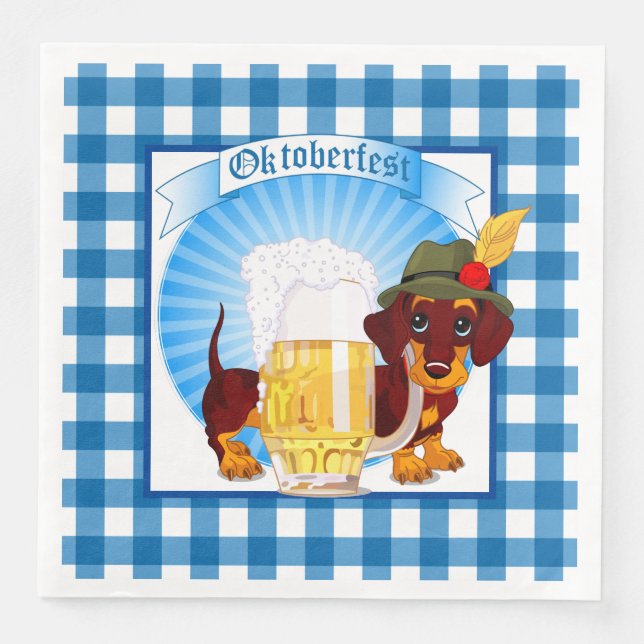 Guardanapo De Papel De Jantar Cachorro de Oktoberfest (Frente)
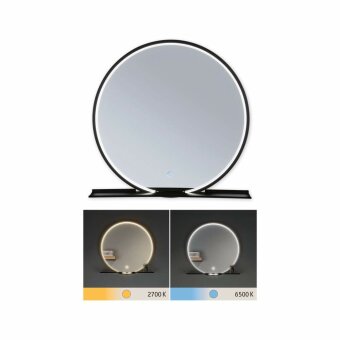 Paulmann LED Leuchtspiegel Miro  IP44  Tunable White 160lm 230V 10,5W  Spiegel#Schwarz matt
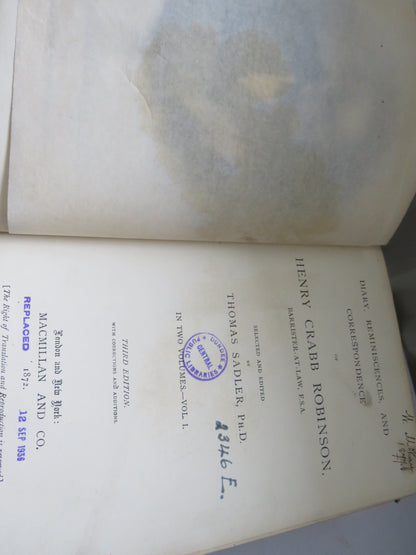 Diary, Reminiscences, and Correspondence of Henry Crabb Robinson By Thomas Sadler 1872 book image 3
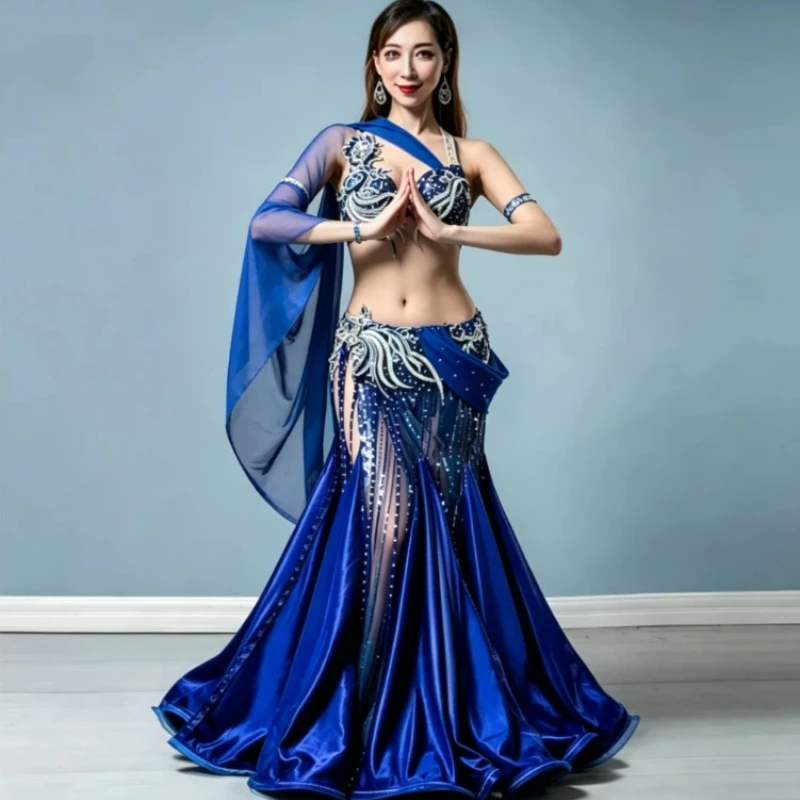 Belly Dance New Performance Outfit in Navy Blue, Sexy and Shiny Lace, Wrapped Buttocks, Fishtail Skirt, Floating Sleeve Set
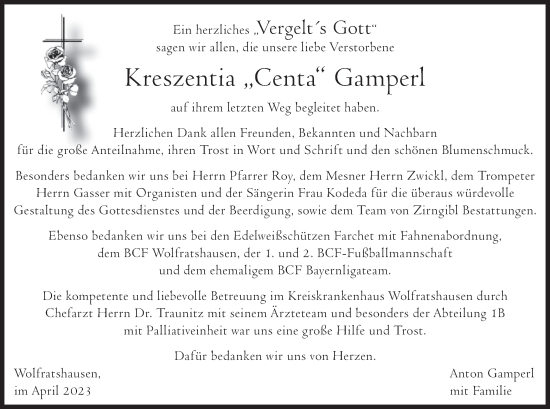 Todesanzeige von Kreszentia Gamperl von merkurtz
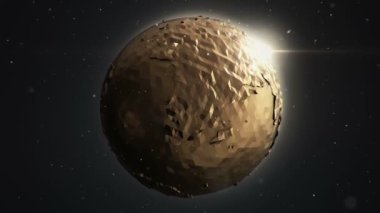 Gri Dünya Küresi 'nin dönüşüyle soyut arkaplan, pürüzsüz döngünün animasyonu 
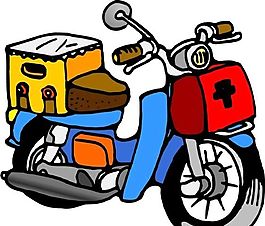 摩托車 交通工具 矢量 AI_0014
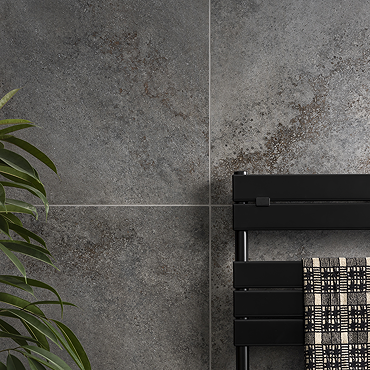 Canedo Graphite Stone Effect Rectified Wall and Floor Tiles - 600 x 600mm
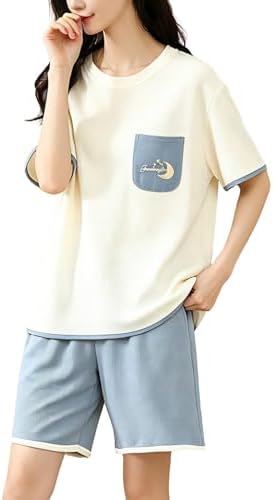 PHOLEEY Women's Pajamas, Top and Bottom Set, Short Sleeve, Shorts, Round Neck, Loungewear, Comfortable, Breathable, Summer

—————

**Exercise prompt**
Print all entries exactly. The images do not belong in the copy.

**Finished task**
 Guardanapo De Papel De Jantar Cachorro de Oktoberfest (Frente)
 Paulmann LED Leuchtspiegel Miro  IP44  Tunable White 160lm 230V 10,5W  Spiegel#Schwarz matt
 Diary, Reminiscences, and Correspondence of Henry Crabb Robinson By Thomas Sadler 1872 book image 3
 Belly Dance New Performance Outfit in Navy Blue, Sexy and Shiny Lace, Wrapped Buttocks, Fishtail Skirt, Floating Sleeve Set
 Todesanzeige von Kreszentia Gamperl von merkurtz
 Gri Dünya Küresi 'nin dönüşüyle soyut arkaplan, pürüzsüz döngünün animasyonu 
 摩托車 交通工具 矢量 AI_0014
 Canedo Graphite Stone Effect Rectified Wall and Floor Tiles - 600 x 600mm
 PHOLEEY Women's Pajamas, Top and Bottom Set, Short Sleeve, Shorts, Round Neck, Loungewear, Comfortable, Breathable, Summer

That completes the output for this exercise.